Income, ethnicity and language disparities in telemedicine revealed in new study 

Low-income, non-English-speaking patients of Hispanic and Asian ethnicities may be less likely to use telemedicine, according to a new study published Jan. 5. 

Between Jan. 1 to Sept. 30, 2020, the researchers looked at over 29,000 patient-physician interactions among 8,997 adult cancer patients receiving outpatient care at UC San Diego Health. Just over 8,000 of these interactions occurred virtually, either via video or phone.

They found that Hispanic patients had 14 percent lower odds of using telemedicine than non-Hispanic white patients. Asian patients were 21 percent less likely to use telemedicine than white people.

Language played a major factor in telehealth use too, with Spanish speakers having 29 percent decreased odds of using the service, and other non-English and non-Spanish language speakers 28 percent less likely to use telemedicine. 
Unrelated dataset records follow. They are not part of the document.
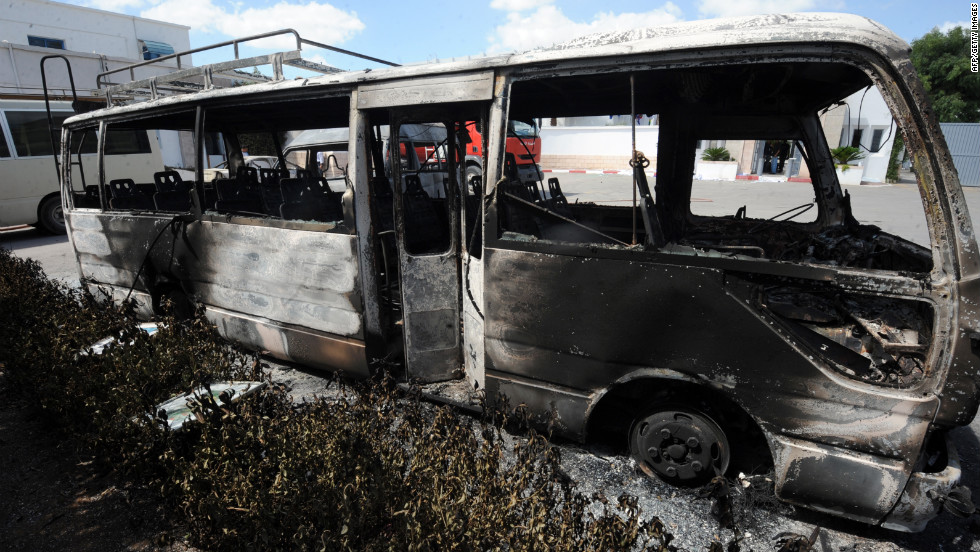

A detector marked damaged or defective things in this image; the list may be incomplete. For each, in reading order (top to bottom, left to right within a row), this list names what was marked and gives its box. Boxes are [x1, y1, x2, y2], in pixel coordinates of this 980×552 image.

burnt bus roof [65, 12, 912, 127]
charred tire [35, 195, 65, 234]
row of burnt seats [209, 166, 342, 222]
charred engine compartment [676, 218, 932, 274]
charred engine compartment [756, 282, 932, 386]
charred tire [632, 404, 732, 486]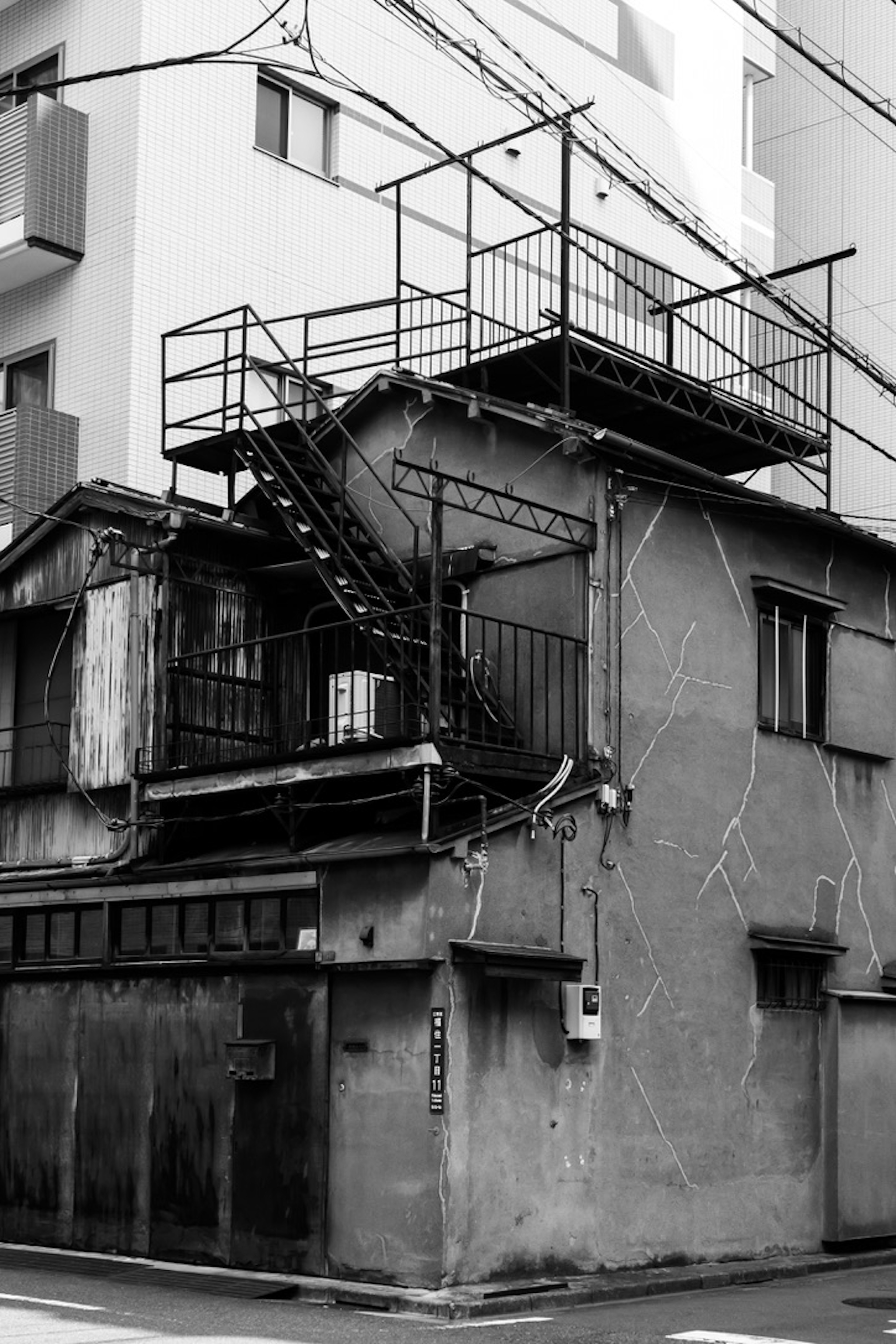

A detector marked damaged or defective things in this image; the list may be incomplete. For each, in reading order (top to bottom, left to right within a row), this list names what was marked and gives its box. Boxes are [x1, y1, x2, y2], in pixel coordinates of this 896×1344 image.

crack in wall [698, 505, 752, 629]
crack in wall [620, 860, 677, 1011]
crack in wall [811, 747, 881, 978]
crack in wall [629, 1059, 698, 1188]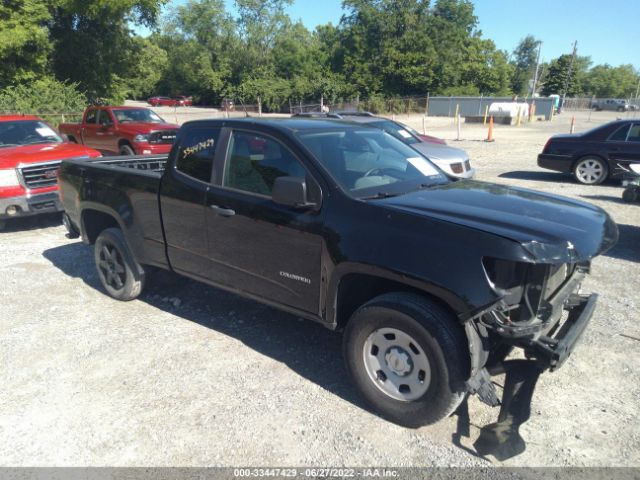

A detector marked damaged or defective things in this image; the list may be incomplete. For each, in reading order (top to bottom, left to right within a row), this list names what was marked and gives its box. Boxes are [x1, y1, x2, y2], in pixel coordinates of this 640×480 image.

crushed front bumper [0, 191, 62, 221]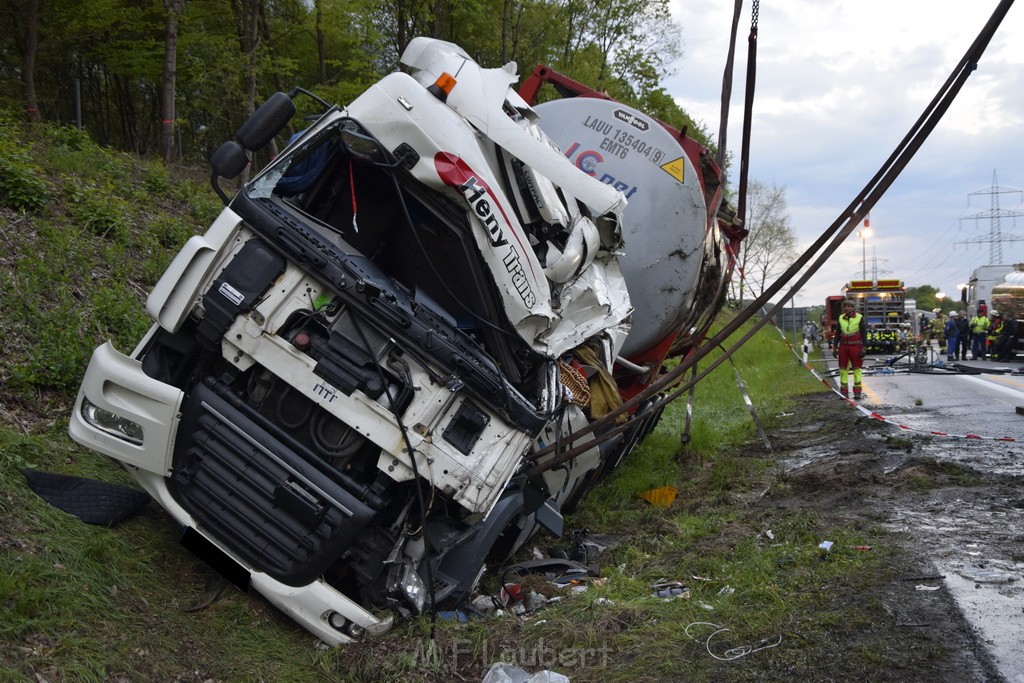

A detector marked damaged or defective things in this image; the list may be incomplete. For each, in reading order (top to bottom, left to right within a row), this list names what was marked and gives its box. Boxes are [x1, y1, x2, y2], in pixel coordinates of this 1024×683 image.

overturned truck [66, 38, 737, 647]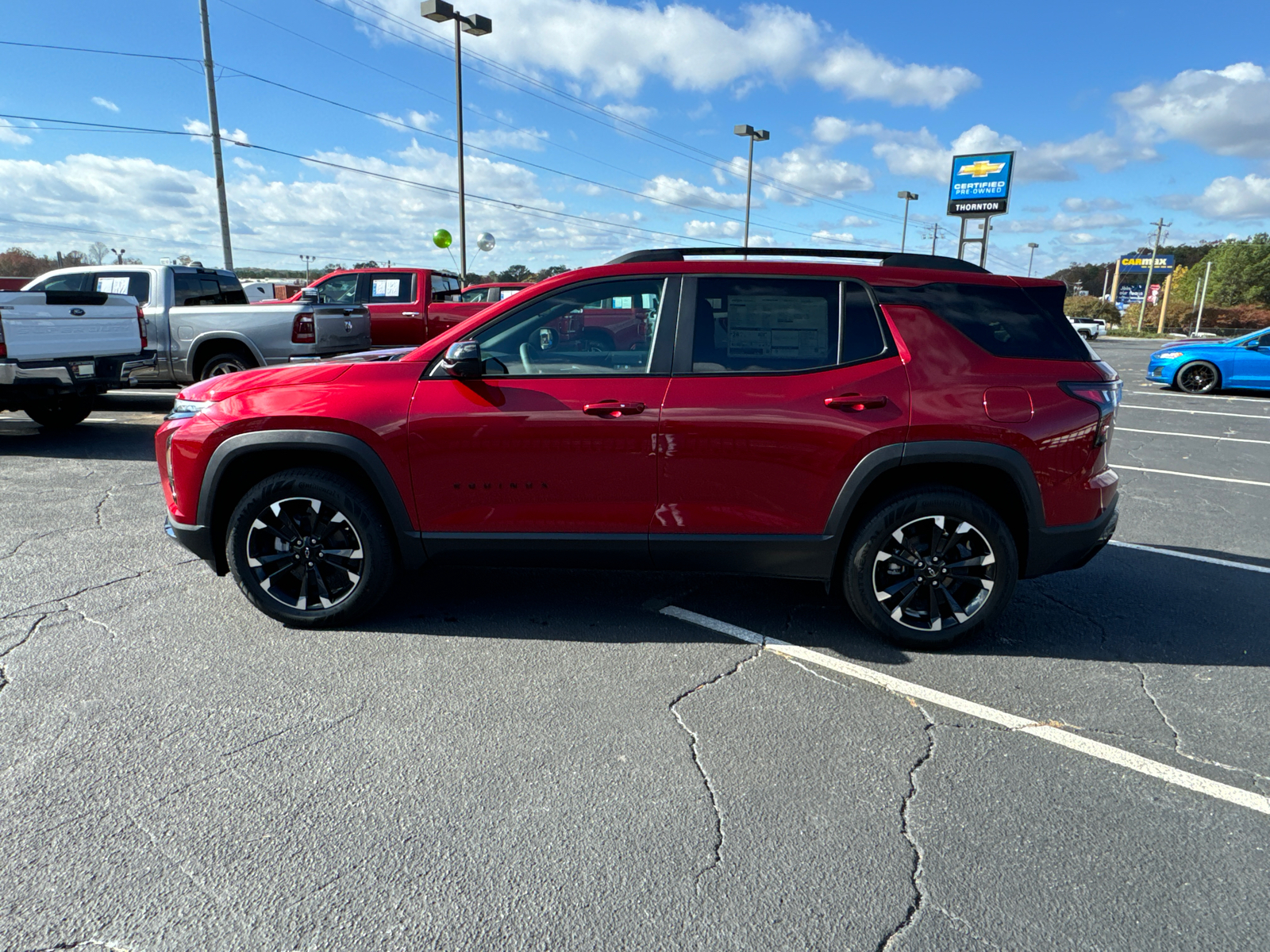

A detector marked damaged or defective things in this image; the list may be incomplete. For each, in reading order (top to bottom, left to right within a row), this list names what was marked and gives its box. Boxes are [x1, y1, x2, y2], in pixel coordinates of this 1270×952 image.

cracked asphalt [2, 358, 1270, 952]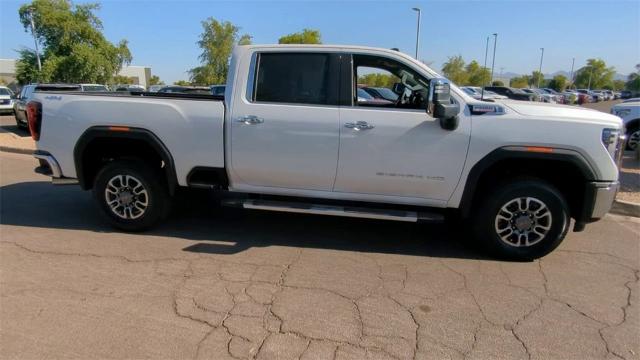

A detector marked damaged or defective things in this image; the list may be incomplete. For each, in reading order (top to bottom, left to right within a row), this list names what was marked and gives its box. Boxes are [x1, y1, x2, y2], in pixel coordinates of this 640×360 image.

Income also affected telehealth use. Medicaid patients were 34 percent less likely to use telehealth, and those in the bottom income quartile had 33 percent decreased odds. They also found the lowest telehealth use rates correlated with the zip codes with the highest levels of COVID-19 infection.

The researchers said that since use of telemedicine is expected to continue even after the pandemic, the study demonstrates that "culturally and linguistically tailored telemedicine could help reduce health disparities for our vulnerable cancer patients."